1. **Evaluation** — Saves `evaluation.json` in each prediction subfolder + `evaluation.xlsx` in pred_dir
2. **Statistics** — Saves `metrics_stats.json` and `metrics.xlsx` to `{pred_dir}/.analysis/`

### Handling missing predictions (fill mode, default)

When a GT image has no matching prediction, the evaluator also scores it against synthetic
fill images, so the summary xlsx can show how different assumptions about missing samples
affect the aggregate metrics.

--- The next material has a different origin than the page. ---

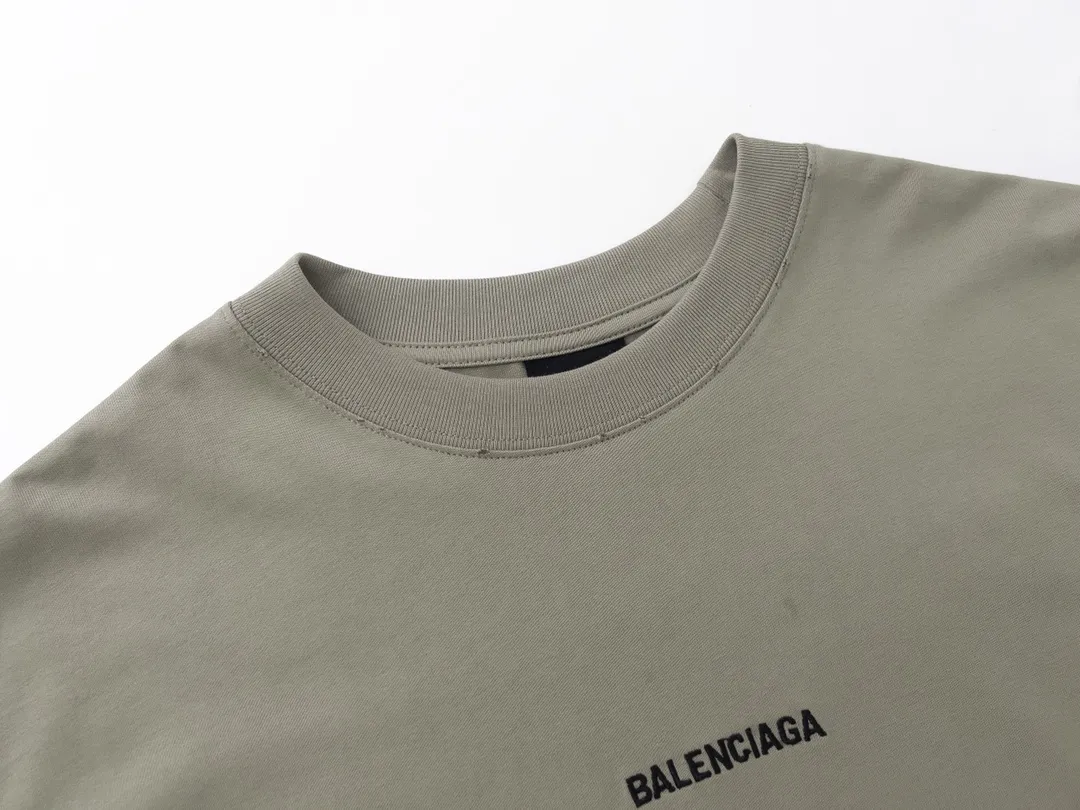 🅿️174 Detailed picture [Top version. Official website quality] BALENCI*GA/Paris#Classic style. Classic letter embroidery on the front and back. Ready-to-wear worn short-sleeved T-shirt #2023 spring and summer brick cabinet synchronization.                       The fabric is made of Paris ZP custom-woven and dyed cotton double yarn, weighing 260 grams. The cloth surface is clean. The cloth pattern is clear, soft and comfortable. The threads are dyed with no color difference. The classic letters are embroidered with imported embroidery machines, the letters are clear and the effect is three-dimensional. The garments are distressed and hand-worn. Restore the brick cabinet, adopt the OS loose shoulder version. Same style for men and women. Code: BL223006 Color: smoke gray, purple, light green, peacock blue, black, rice coffee, gray green Size: XS S M L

Each summary xlsx contains up to 4 rows:

| Row | Description |
|-----|-------------|
| `<run>`                 | Average over matched pairs only |
| `<run> (+ black fill)`  | Missing preds scored against an all-black image |
| `<run> (+ white fill)`  | Missing preds scored against an all-white image |
| `<run> (+ zero fill)`   | Missing preds contribute the worst-case value (LPIPS = 1.0, others = 0) |

Two extra columns are appended after `Geometry`:

- `SuccessRate / ratio` — matched pairs / total GT, as a percentage
- `SuccessRate / count` — e.g. `993/1000`

Pass `--no_fill` to disable this behavior (only row 1 is produced and missing preds are skipped).

All metrics are **higher-is-better** except `lp` (LPIPS), which is a distance (lower-is-better).

## License

Apache-2.0